Write out the entries verbatim and leave the images out of the copy.

◇ ◇ ◇ ◇ ◇ ◇ ◇

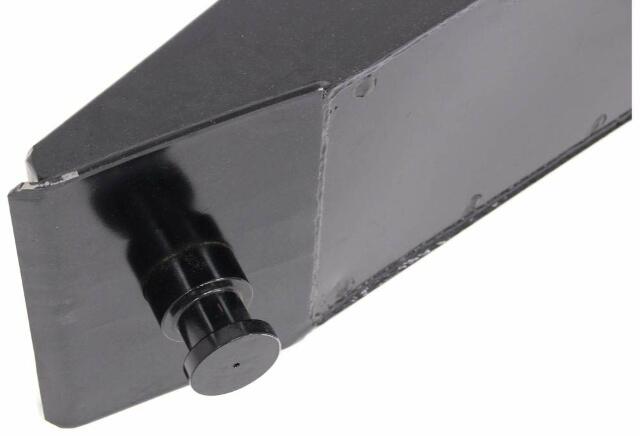 Lippert L05 Extended 5th Wheel Pin Box with 18,000 lbs. Weight Capacity, Black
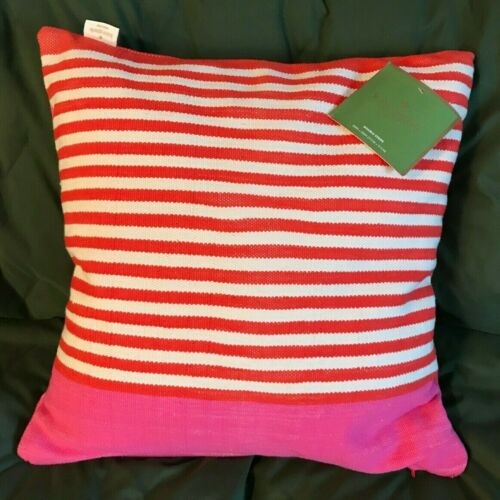 NWT! KATE SPADE - 'Double Stripe' Orange & Pink Throw Pillow - 20"x20" - RARE! | eBay | eBay US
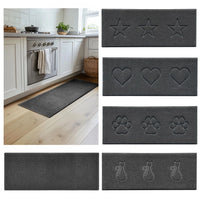 Non Slip Rubber Mats Heavy Duty Hallway Runner Indoor Outdoor Rugs Large Doormat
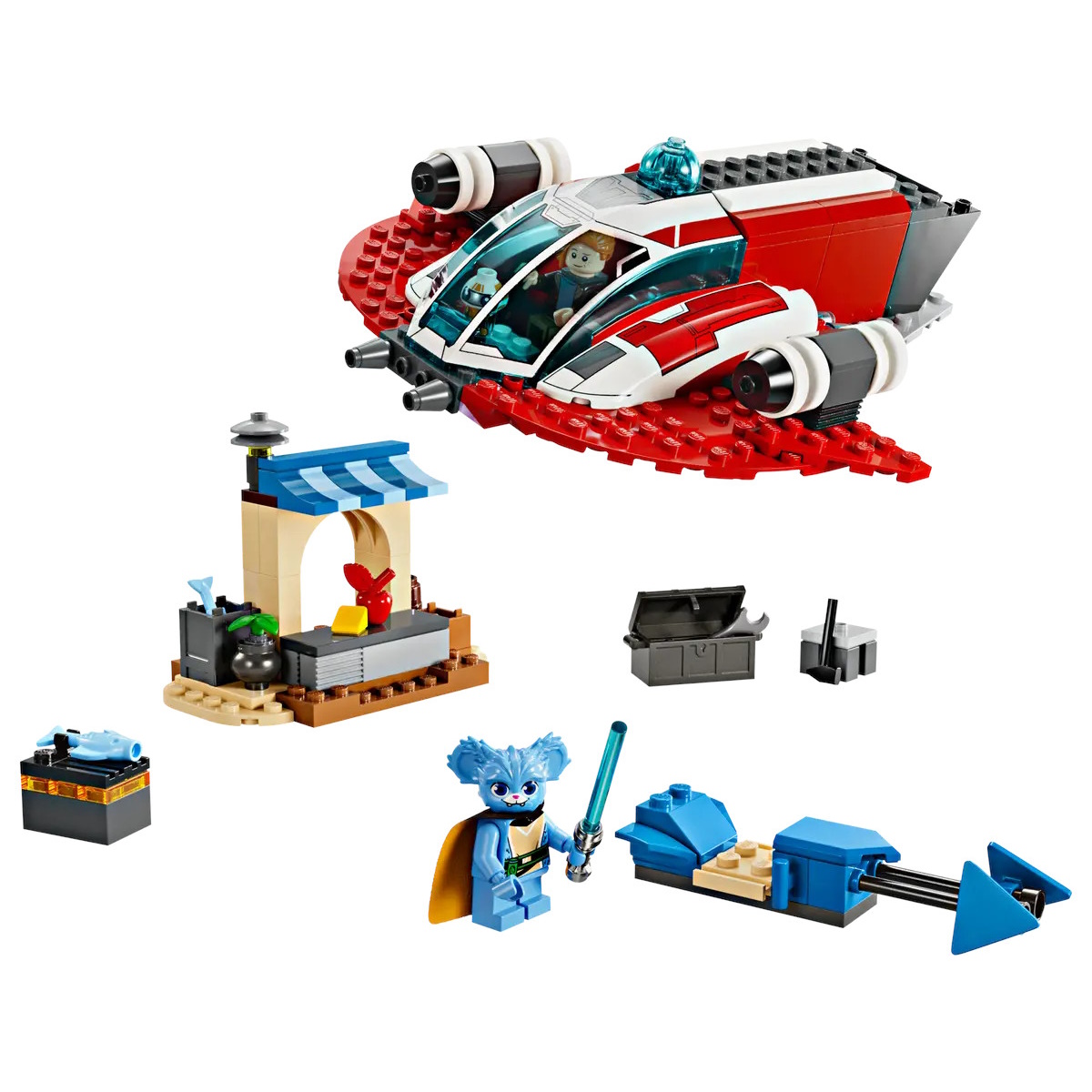 Конструктор LEGO Star Wars Багровый Огненный Ястреб 136 дет. - фото 2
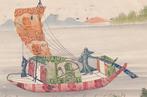 Italië - Maritiem, Schepen, Stad en Landschap - Antieke, Gelopen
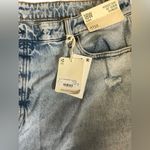 a.n.a Blue Jean Shorts Distressed Cut-Offs Photo 2
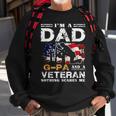 Im A Dad Gpa And A Veteran 4Th Of July Gifts Gift For Mens Sweatshirt Gifts for Old Men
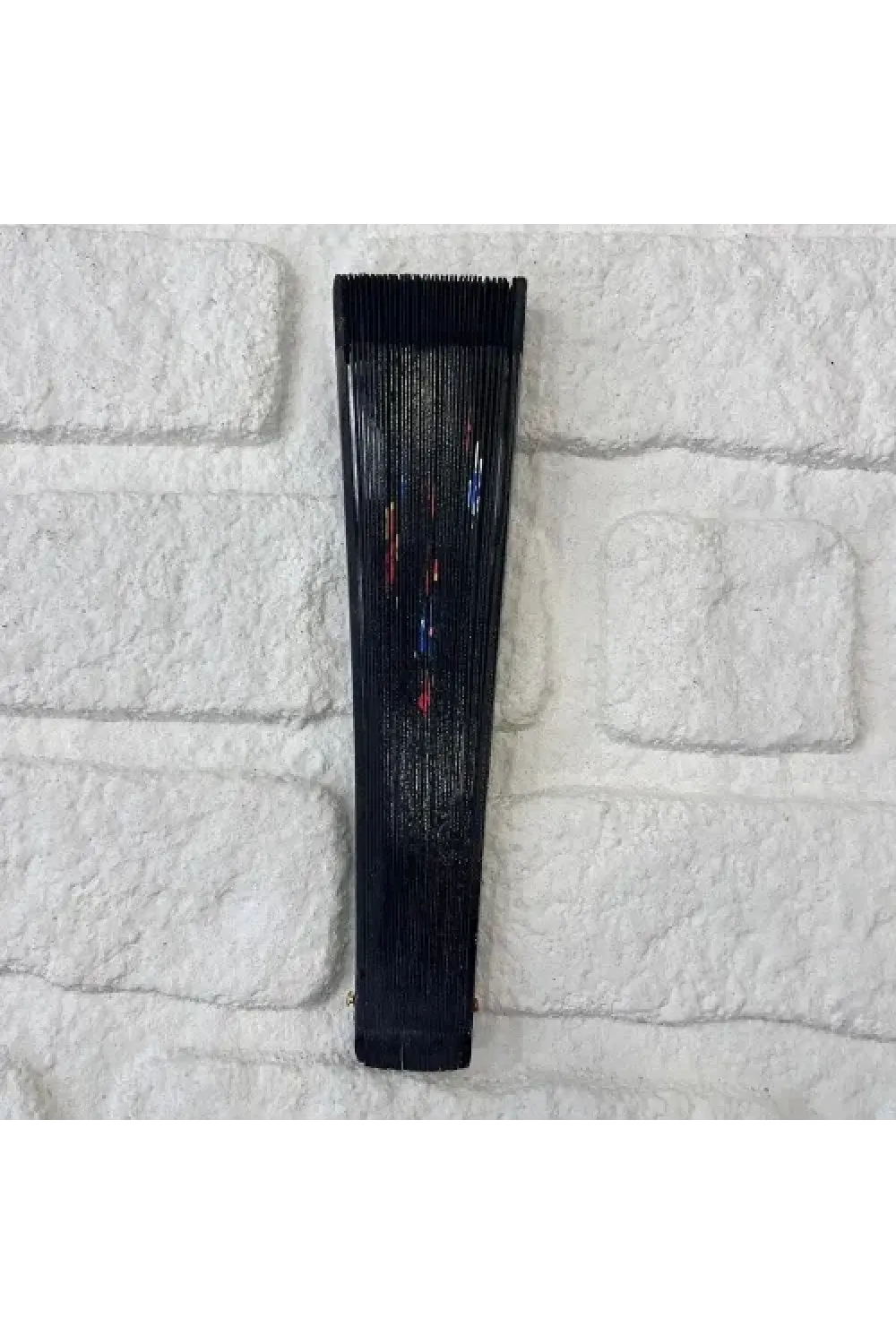 Bambu Çift Taraflı Siyah Yelpaze 12li Paket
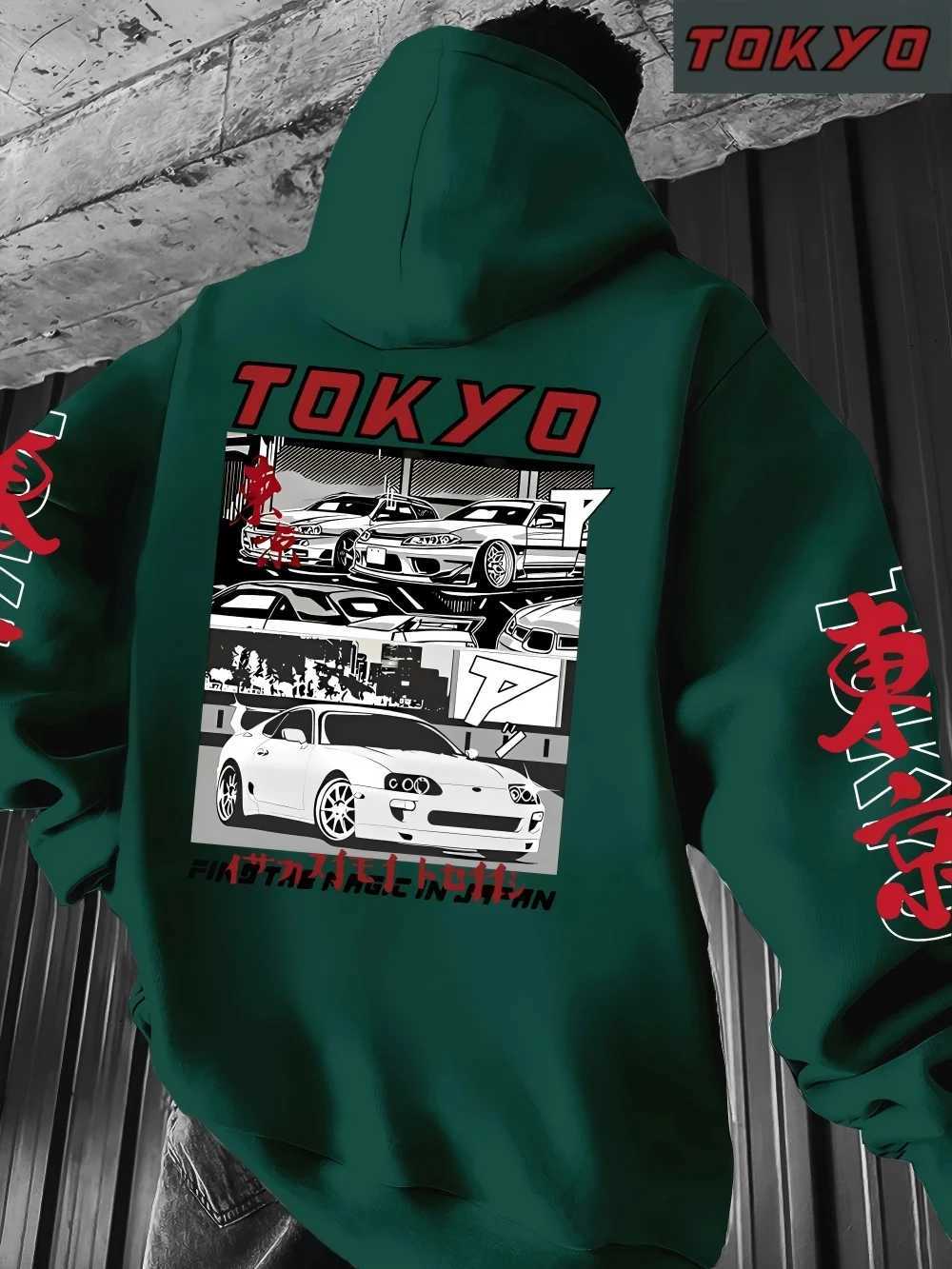 Fashionable autumn mens season letter print comfortable soft hooded sweatshirt outdoor street style versatile top W251106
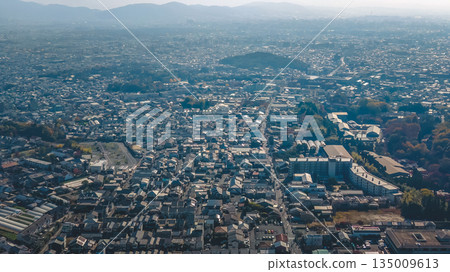 Nov 24 2025 Kyoto Kita Ward Skyline and Mountain Panorama Nov 24 2025 Kyoto Kita Ward Skyline and Mountain Panorama 135009613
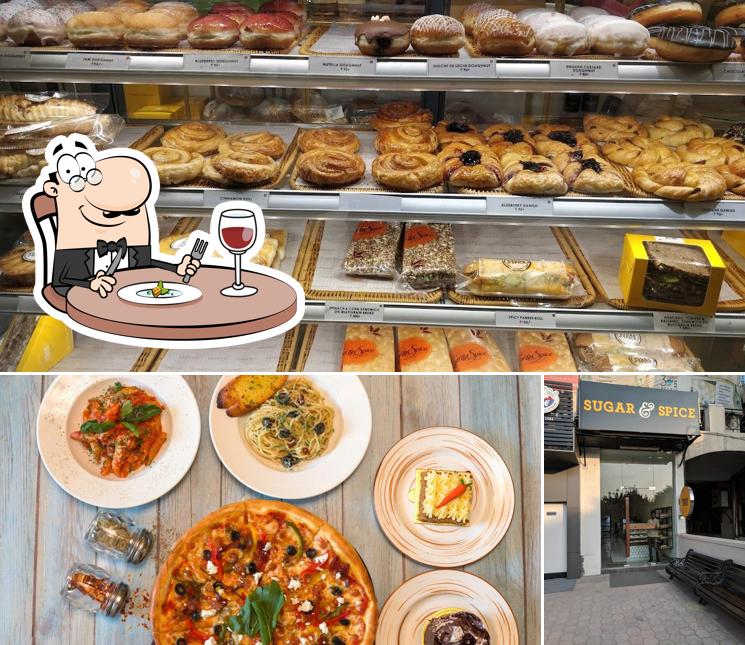 Among different things one can find food and interior at Sugar & Spice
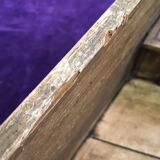 Shelf antique wooden grocery store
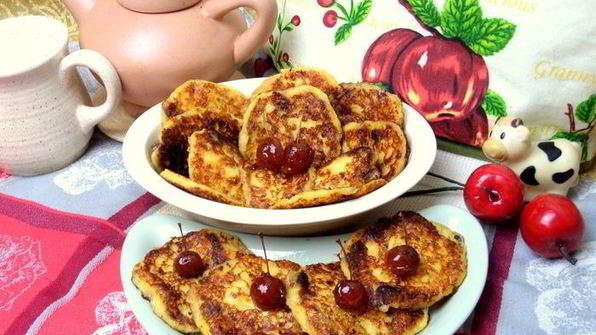 тыквенные оладьи на твороге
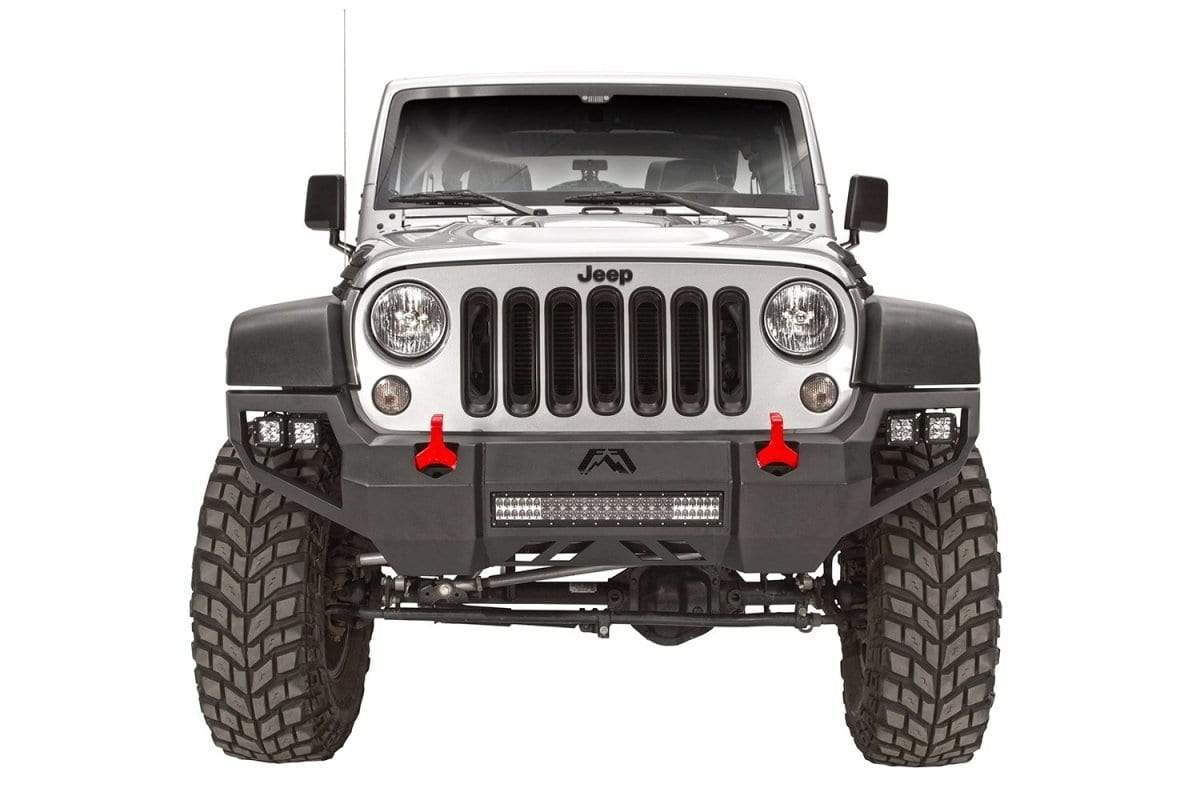 Fab Fours JK07 - D1851 - 1 Jeep Wrangler JK 2007 - 2018 Vengeance Front Bumper No Guard - Rugged Truck Gear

◇ ◇ ◇ ◇ ◇ ◇ ◇

> **Response area**
 Lippert L05 Extended 5th Wheel Pin Box with 18,000 lbs. Weight Capacity, Black
 NWT! KATE SPADE - 'Double Stripe' Orange & Pink Throw Pillow - 20"x20" - RARE! | eBay | eBay US
 Non Slip Rubber Mats Heavy Duty Hallway Runner Indoor Outdoor Rugs Large Doormat
 Конструктор LEGO Star Wars Багровый Огненный Ястреб 136 дет. - фото 2
 Italië - Maritiem, Schepen, Stad en Landschap - Antieke, Gelopen
 a.n.a Blue Jean Shorts Distressed Cut-Offs Photo 2
 Im A Dad Gpa And A Veteran 4Th Of July Gifts Gift For Mens Sweatshirt Gifts for Old Men
 Bambu Çift Taraflı Siyah Yelpaze 12li Paket
 Fashionable autumn mens season letter print comfortable soft hooded sweatshirt outdoor street style versatile top W251106
 Nov 24 2025 Kyoto Kita Ward Skyline and Mountain Panorama Nov 24 2025 Kyoto Kita Ward Skyline and Mountain Panorama 135009613
 Among different things one can find food and interior at Sugar & Spice
 Shelf antique wooden grocery store
 тыквенные оладьи на твороге
 Fab Fours JK07 - D1851 - 1 Jeep Wrangler JK 2007 - 2018 Vengeance Front Bumper No Guard - Rugged Truck Gear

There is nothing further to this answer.